Tödlicher Treppensturz in Uelzen: 19-Jähriger muss in Psychiatrie
Im Sicherungsverfahren gegen einen 19-Jährigen hat das Landgericht Lüneburg am Montag ein Urteil gefällt. Demnach ist der Beschuldigte verantwortlich für den tödlichen Treppensturz eines Mannes am Bahnhof Uelzen.
Der 19-Jährige soll nun dauerhaft in ein psychiatrisches Krankenhaus kommen. Damit folgte die Jugendkammer des Lüneburger Landgerichts in ihrer Entscheidung der Forderung von Staatsanwaltschaft, Nebenklage und Verteidigung. Das Gericht geht davon aus, dass der 19-Jährige eine Gefahr für die Allgemeinheit darstellt und weitere Straftaten von ihm zu befürchten sind. In der Psychiatrie werde jährlich überprüft, ob dies weiterhin der Fall ist, sagte ein Gerichtssprecher. Aber die Dauer des Aufenthalts in der geschlossenen Anstalt könne sehr lang sein.
Richterin: "Er hat den Tod billigend in Kauf genommen"
"Es handelte sich um ein sehr tragisches Geschehen", sagte die Vorsitzende Richterin Silja Precht am Montag. "Er hat den Tod billigend in Kauf genommen." Der Beschuldigte verfolgte die Urteilsverkündung regungslos und mit stoischem Blick. Er wurde nach Erwachsenenstrafrecht wegen Raubes mit Todesfolge verurteilt. Der junge Mann sei aber wegen seiner psychischen Probleme nicht im klassischen Sinn zu bestrafen, so Precht. Bei der Tat habe der 19-Jährige unter Wahnvorstellungen gehandelt und sei nicht steuerungsfähig gewesen.

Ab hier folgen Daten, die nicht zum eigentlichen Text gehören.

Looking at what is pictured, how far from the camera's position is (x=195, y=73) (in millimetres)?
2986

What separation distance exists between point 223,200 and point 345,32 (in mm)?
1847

Beschuldigter leidet wohl an Schizophrenie
Ein Gutachter war im Verfahren zu dem Schluss gekommen, dass der Mann wahrscheinlich an einer psychischen Erkrankung aus dem "schizophrenen Formenkreis, möglicherweise ausgelöst durch Drogenkonsum" leidet. Die Vorsitzende Richteirn ergänzte am Montag: "Er behauptet, eine frühere Freundin habe ihn verhext." Er habe dem Gutachter von Menschen mit verschiedenen Gesichtern und einem Metallstift im Bauch berichtet, über den er kommuniziere. Außerdem hat er nach Angaben der Richterin regelmäßig Betäubungsmittel wie Hasch oder Marihuana konsumiert. Letztlich aber stünde man vor dem Dilemma, so der Gutachter im Verfahren, das irrationale Denken und Handeln im Wahn rational erklären zu wollen.
Motiv nicht geklärt
Die Frage nach dem Motiv konnte das Verfahren nicht abschließend beantworten. Der Beschuldigte schwieg. Auch auf seine Möglichkeit des letzten Wortes verzichtete er. Die Staatsanwaltschaft geht aber davon aus, dass der Beschuldigte das Handy des Opfers haben wollte. Dieses hatte er nach dem tödlichen Sturz des 55-Jährigen an sich genommen. Unklar blieb zudem das genaue Alter des Beschuldigten. Zuletzt war ein Reisedokument aufgetaucht, nach dem er nicht im Jahr 2005, sondern im Jahr 2000 geboren worden war.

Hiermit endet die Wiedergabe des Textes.